The tone the author holds is almost as if he is trying to repel the reader from coming and visiting the swamp. It is negative and does not display any of the attributes that are associated with the swamp; instead it is very critical and focuses on all the peculiarities of the swamp. The word choice that is used in both the passages varies from one another and conveys different atmospheres for the swamp.

Detail is a major factor throughout the two passages that helps distinguish the swamps in the passages from one another. In the first passage the author uses detail that have positive context such as, “Saucer-shaped depression of approximately 25 miles wide and 40 miles long that covers an area of more than 600 square miles.” This detail holds a revealing and formal tone that relays a pleasant atmosphere. It also has an alluring tone that persuades the reader to come visit the swamp and explore its vastness. In the second passage the author uses details such as, “Four hundred and thirty thousand acres of stinging, biting and boring insects.” Although the second passage is also describing the enormous land size it is presented in a much more malicious and unappealing way.

The author uses various literary devices throughout the two passages to show that he appreciates one swamp more than the other. In the first passage the author uses personification to expand and emphasize the beauty of the swamp. It states, “Exotic flowers. Among them floating hearts. Lilies. And rare orchards abound”, the floating hearts help convey an atmosphere of peace and playfulness that attracts the reader’s attention as well as persuades them to come visit the swamp. In the second passage the author uses a simile to show the distaste and lack of appreciation they held for the second swamp.

The author describes the swamp “like some hellish zoo” almost conveying as if the swamp was every readers nightmare. The figurative language the author uses in the second passage is primarily focused on repelling the reader and persuading them not to come to the swamp and stay in the comforts of their own home.
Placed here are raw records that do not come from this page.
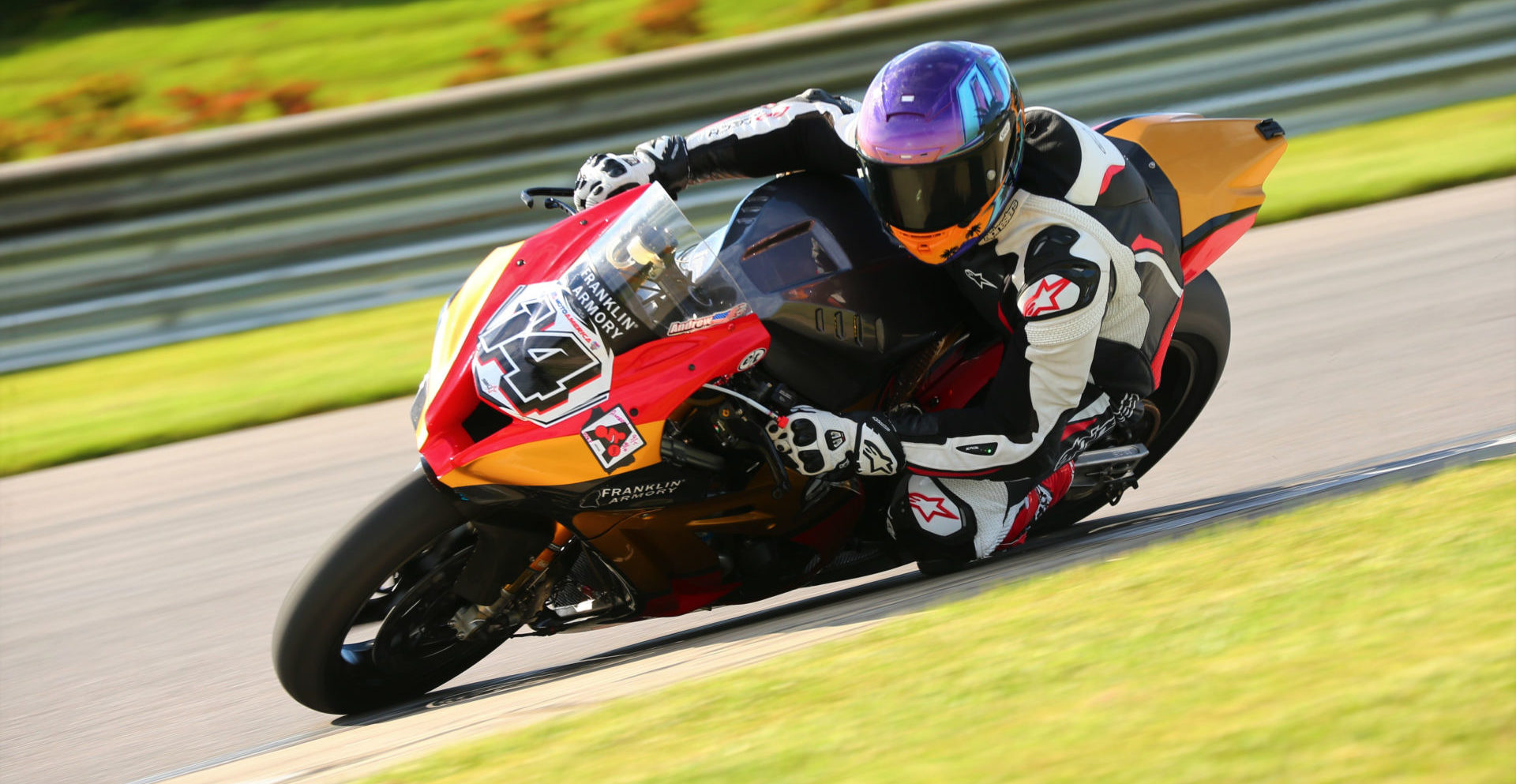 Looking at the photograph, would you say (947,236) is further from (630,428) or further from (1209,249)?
(1209,249)

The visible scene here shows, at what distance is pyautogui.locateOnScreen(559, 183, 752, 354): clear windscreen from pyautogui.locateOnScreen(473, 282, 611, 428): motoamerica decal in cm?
4

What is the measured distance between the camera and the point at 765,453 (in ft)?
10.4

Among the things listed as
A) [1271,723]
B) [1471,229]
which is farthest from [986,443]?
[1471,229]

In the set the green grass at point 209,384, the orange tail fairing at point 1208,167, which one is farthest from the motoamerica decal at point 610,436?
the green grass at point 209,384

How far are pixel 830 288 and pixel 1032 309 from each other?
0.48 meters

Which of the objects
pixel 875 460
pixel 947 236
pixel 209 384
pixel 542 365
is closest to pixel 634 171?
pixel 542 365

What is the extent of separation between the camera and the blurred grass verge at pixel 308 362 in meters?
6.01

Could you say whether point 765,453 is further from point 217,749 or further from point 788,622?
point 217,749

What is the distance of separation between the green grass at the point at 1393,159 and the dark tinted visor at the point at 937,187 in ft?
15.0

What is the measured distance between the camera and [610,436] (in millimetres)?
3070

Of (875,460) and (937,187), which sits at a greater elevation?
(937,187)

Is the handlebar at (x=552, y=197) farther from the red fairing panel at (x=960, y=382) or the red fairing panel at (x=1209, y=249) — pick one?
the red fairing panel at (x=1209, y=249)

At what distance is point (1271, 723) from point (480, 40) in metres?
9.22

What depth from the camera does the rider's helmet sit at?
308cm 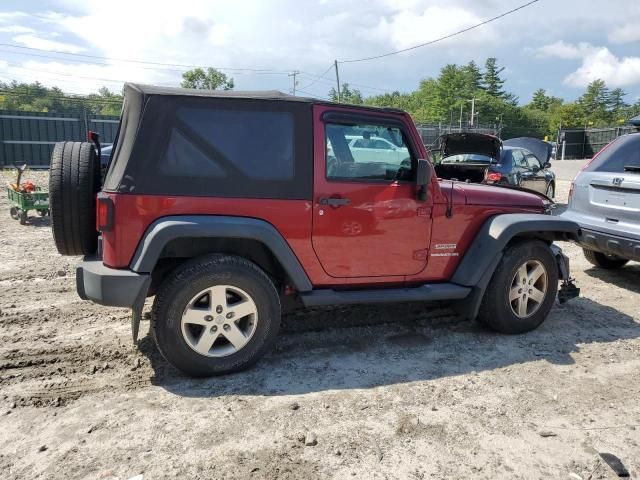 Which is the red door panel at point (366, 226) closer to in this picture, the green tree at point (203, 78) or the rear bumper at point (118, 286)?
the rear bumper at point (118, 286)

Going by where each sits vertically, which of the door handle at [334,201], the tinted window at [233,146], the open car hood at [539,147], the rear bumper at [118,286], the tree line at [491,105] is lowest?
the rear bumper at [118,286]

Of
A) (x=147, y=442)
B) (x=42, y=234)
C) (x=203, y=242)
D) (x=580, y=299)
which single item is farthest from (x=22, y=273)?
(x=580, y=299)

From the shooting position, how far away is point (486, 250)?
424 cm

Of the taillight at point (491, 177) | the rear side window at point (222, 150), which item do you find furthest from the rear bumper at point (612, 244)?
the taillight at point (491, 177)

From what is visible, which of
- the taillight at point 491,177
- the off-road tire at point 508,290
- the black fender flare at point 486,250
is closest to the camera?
the black fender flare at point 486,250

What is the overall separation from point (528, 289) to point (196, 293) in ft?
9.69

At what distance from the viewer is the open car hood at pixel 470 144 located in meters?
Answer: 9.97

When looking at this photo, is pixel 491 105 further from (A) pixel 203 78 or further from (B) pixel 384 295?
(B) pixel 384 295

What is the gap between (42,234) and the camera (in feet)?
26.7

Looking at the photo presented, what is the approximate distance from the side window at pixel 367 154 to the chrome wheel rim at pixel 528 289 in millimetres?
1400

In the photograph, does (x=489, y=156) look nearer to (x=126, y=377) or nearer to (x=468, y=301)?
(x=468, y=301)

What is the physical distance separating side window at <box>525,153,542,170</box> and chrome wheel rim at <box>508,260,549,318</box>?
7923 mm

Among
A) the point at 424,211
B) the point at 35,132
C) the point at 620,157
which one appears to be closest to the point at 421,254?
the point at 424,211

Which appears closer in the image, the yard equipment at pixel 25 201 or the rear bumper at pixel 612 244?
the rear bumper at pixel 612 244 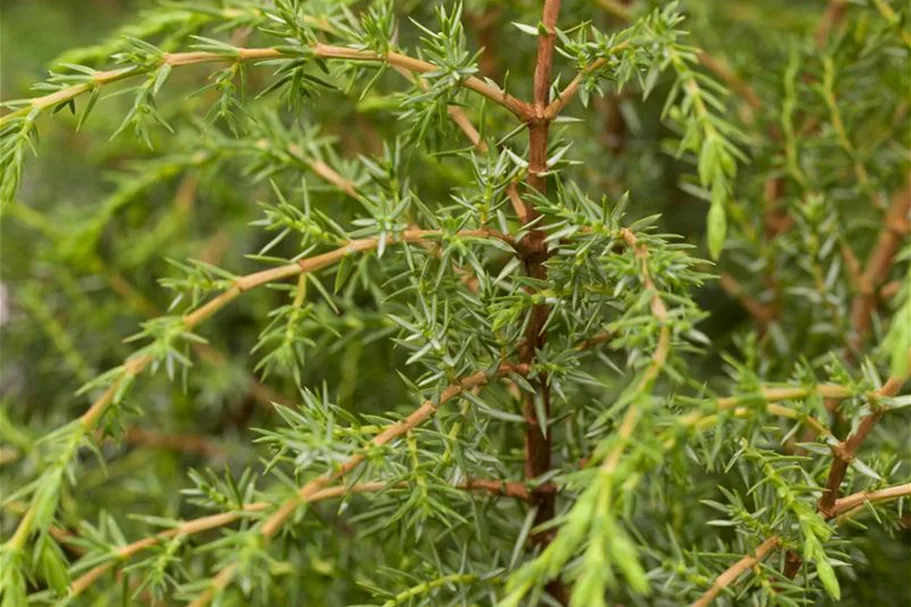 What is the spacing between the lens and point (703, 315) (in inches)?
15.3

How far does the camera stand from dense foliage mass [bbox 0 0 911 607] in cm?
43

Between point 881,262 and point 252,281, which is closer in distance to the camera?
point 252,281

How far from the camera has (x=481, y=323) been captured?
47 centimetres

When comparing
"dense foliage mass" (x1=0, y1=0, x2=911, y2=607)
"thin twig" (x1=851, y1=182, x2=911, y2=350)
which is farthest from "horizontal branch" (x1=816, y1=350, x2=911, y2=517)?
"thin twig" (x1=851, y1=182, x2=911, y2=350)

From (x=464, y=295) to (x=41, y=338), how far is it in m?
0.64

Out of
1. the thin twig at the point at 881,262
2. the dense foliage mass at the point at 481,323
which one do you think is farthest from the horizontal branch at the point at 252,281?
the thin twig at the point at 881,262

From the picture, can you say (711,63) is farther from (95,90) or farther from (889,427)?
(95,90)

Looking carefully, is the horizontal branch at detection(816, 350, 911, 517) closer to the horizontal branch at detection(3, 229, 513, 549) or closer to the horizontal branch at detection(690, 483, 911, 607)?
the horizontal branch at detection(690, 483, 911, 607)

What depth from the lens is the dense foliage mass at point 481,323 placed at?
0.43m

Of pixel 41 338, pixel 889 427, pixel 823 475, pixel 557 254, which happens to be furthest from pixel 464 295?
pixel 41 338

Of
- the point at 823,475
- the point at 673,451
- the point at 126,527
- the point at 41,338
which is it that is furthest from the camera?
the point at 41,338

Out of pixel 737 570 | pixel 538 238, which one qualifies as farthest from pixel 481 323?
pixel 737 570

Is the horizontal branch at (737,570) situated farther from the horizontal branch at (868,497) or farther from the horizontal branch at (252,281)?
the horizontal branch at (252,281)

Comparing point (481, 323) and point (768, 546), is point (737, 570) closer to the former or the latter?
point (768, 546) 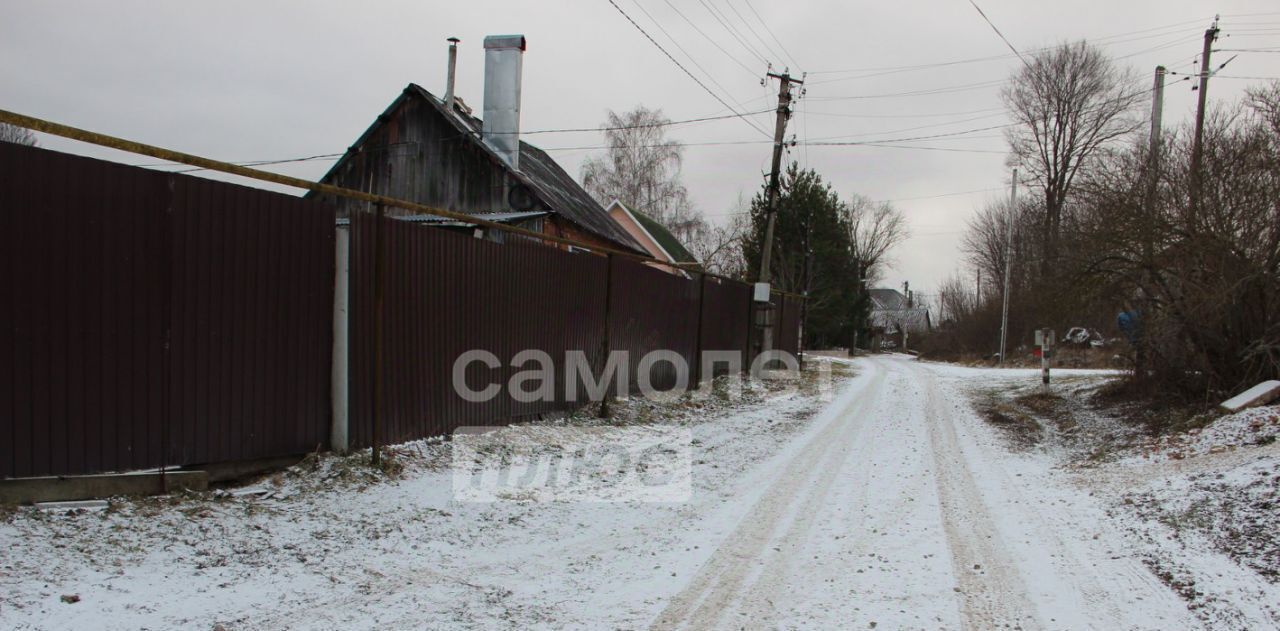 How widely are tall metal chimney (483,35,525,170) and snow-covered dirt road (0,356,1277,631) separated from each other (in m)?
10.7

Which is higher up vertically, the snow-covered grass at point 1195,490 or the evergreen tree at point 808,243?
the evergreen tree at point 808,243

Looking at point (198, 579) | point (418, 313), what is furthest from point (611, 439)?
point (198, 579)

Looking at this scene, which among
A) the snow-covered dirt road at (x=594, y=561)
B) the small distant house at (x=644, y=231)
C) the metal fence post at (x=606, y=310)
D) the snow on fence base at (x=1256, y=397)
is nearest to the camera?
the snow-covered dirt road at (x=594, y=561)

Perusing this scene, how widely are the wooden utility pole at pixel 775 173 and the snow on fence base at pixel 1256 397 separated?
388 inches

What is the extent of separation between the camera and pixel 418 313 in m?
6.36

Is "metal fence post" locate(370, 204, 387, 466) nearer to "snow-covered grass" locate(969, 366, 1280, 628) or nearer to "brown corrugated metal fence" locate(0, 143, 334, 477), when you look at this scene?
"brown corrugated metal fence" locate(0, 143, 334, 477)

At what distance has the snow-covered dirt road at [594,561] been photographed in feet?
11.3

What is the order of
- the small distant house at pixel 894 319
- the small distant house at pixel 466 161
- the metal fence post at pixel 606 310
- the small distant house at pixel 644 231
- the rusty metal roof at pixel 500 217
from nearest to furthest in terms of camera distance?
the metal fence post at pixel 606 310 → the rusty metal roof at pixel 500 217 → the small distant house at pixel 466 161 → the small distant house at pixel 644 231 → the small distant house at pixel 894 319

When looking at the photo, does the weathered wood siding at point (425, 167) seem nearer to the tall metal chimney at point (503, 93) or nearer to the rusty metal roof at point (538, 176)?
the rusty metal roof at point (538, 176)

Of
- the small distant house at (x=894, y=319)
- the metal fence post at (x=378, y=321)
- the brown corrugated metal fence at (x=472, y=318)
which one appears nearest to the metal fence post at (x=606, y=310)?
the brown corrugated metal fence at (x=472, y=318)

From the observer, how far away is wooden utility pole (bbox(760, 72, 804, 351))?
17.3m

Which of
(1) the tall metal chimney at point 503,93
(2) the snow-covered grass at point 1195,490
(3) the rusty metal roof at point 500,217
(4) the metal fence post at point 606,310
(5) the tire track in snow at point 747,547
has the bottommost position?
(5) the tire track in snow at point 747,547

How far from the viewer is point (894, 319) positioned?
263 feet

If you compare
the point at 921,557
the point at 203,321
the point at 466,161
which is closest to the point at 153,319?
the point at 203,321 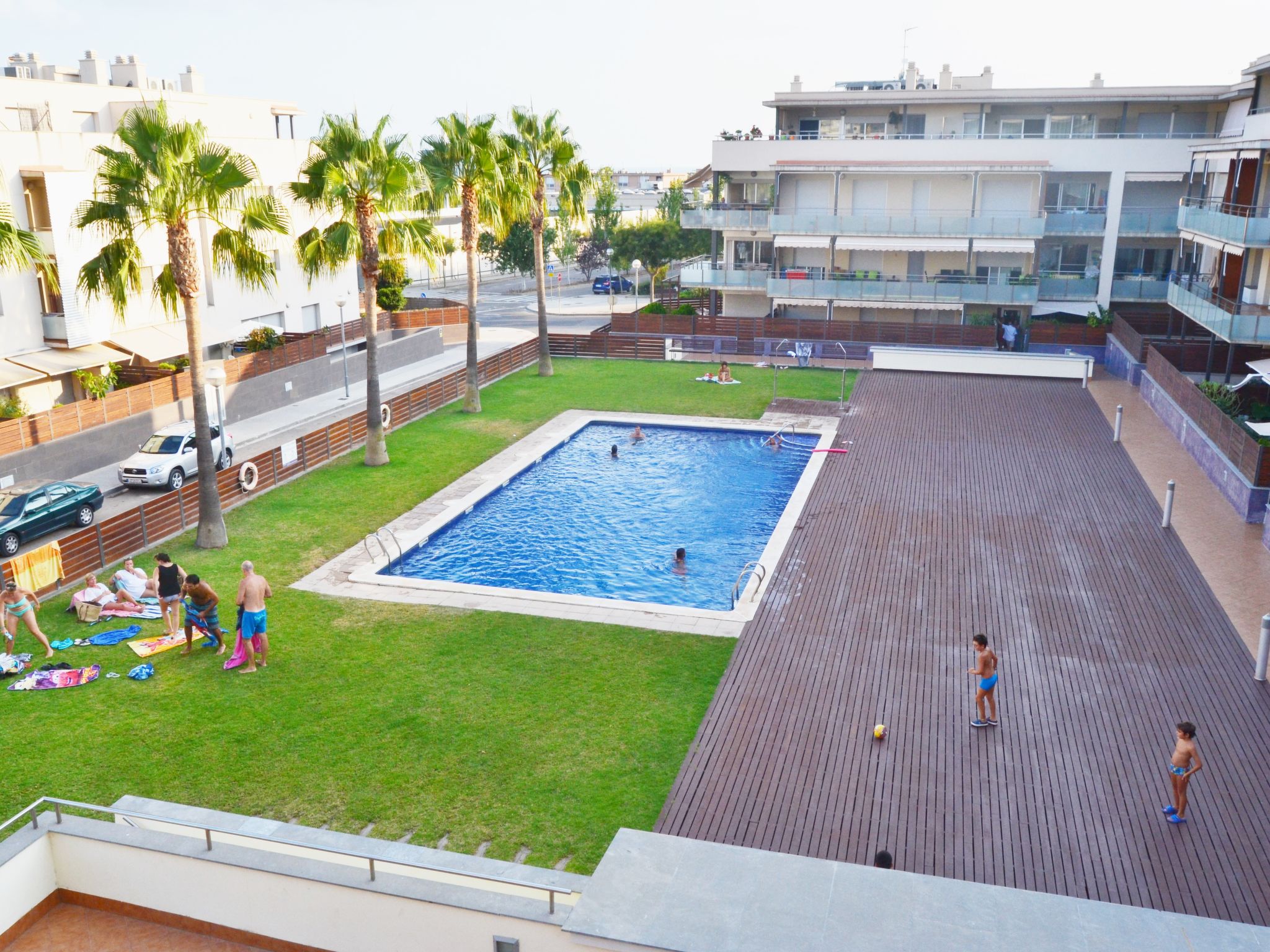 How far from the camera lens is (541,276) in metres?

Unlike in the first passage where the figurate language was solely focused on inviting the reader to visit the swamp and enjoy the beauty and serenity the swamp had to offer. The author holds two very different tones when discussing the different swamps.

The author uses different devices throughout the passages to create and convey a certain tone for each swamp. In the first passage the swamp is seen as something that holds beauty and is inviting unlike in the second passage where the swamp seems more malicious and repelling. The author uses various levels of diction, detail and figurative language to convey the tone and attitude they had toward each of the respective swamps, almost making it seem as if it were two different swamps entirely.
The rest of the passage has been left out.